# GIVEN DATA

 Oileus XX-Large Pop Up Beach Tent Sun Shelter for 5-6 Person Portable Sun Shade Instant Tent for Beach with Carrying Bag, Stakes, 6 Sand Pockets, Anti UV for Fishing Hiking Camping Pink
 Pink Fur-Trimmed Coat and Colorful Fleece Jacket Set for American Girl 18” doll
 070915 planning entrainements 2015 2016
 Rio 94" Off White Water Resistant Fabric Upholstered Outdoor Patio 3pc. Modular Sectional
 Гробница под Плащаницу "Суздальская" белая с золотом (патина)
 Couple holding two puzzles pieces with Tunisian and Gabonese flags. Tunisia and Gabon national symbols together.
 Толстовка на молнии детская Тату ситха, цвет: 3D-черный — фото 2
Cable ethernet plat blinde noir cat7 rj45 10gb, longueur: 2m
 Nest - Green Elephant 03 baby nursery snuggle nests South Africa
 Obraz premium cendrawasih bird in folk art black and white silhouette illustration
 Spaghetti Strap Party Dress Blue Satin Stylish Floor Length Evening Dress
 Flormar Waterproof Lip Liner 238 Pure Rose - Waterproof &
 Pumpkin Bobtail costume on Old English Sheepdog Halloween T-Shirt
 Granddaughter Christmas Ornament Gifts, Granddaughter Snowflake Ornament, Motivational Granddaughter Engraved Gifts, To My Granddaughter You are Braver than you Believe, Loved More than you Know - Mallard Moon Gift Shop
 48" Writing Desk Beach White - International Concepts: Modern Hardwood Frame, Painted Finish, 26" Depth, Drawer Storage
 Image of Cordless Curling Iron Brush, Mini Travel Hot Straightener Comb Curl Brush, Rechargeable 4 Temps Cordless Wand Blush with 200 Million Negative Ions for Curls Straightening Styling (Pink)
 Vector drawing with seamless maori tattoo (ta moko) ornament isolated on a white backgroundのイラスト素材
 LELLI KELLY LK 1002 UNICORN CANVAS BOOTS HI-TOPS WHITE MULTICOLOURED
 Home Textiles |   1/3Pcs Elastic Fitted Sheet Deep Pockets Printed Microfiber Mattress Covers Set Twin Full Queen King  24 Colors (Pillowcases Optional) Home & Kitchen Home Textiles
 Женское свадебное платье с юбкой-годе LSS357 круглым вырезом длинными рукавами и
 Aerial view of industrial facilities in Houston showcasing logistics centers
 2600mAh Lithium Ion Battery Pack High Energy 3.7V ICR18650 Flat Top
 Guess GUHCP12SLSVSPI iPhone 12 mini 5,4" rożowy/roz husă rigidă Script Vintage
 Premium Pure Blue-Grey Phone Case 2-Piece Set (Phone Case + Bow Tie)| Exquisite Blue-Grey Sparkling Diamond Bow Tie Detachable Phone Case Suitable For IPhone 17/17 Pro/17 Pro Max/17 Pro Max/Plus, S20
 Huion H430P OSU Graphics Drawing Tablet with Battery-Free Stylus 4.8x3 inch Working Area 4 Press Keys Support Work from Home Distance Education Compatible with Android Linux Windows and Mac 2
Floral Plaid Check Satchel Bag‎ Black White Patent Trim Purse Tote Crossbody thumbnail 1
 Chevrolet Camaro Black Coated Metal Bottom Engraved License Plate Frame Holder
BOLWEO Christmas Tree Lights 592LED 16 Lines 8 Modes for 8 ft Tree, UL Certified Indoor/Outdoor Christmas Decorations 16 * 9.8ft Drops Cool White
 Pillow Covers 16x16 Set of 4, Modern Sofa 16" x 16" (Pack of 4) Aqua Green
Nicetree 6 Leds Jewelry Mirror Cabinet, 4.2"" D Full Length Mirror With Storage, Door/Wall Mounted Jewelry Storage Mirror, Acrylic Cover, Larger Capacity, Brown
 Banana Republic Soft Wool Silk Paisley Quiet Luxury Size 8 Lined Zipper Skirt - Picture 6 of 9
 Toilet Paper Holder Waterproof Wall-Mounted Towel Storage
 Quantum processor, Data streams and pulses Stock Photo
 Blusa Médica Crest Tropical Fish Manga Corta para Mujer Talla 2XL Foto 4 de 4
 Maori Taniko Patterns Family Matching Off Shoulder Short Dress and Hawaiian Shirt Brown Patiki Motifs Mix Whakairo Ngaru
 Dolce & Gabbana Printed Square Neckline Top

# YOUR GOAL
From the data above, output exactly the lines between the one containing "070915 planning entrainements 2015 2016" and the one containing "Nest - Green", counting both of them.

# TASK OUTPUT
 070915 planning entrainements 2015 2016
 Rio 94" Off White Water Resistant Fabric Upholstered Outdoor Patio 3pc. Modular Sectional
 Гробница под Плащаницу "Суздальская" белая с золотом (патина)
 Couple holding two puzzles pieces with Tunisian and Gabonese flags. Tunisia and Gabon national symbols together.
 Толстовка на молнии детская Тату ситха, цвет: 3D-черный — фото 2
Cable ethernet plat blinde noir cat7 rj45 10gb, longueur: 2m
 Nest - Green Elephant 03 baby nursery snuggle nests South Africa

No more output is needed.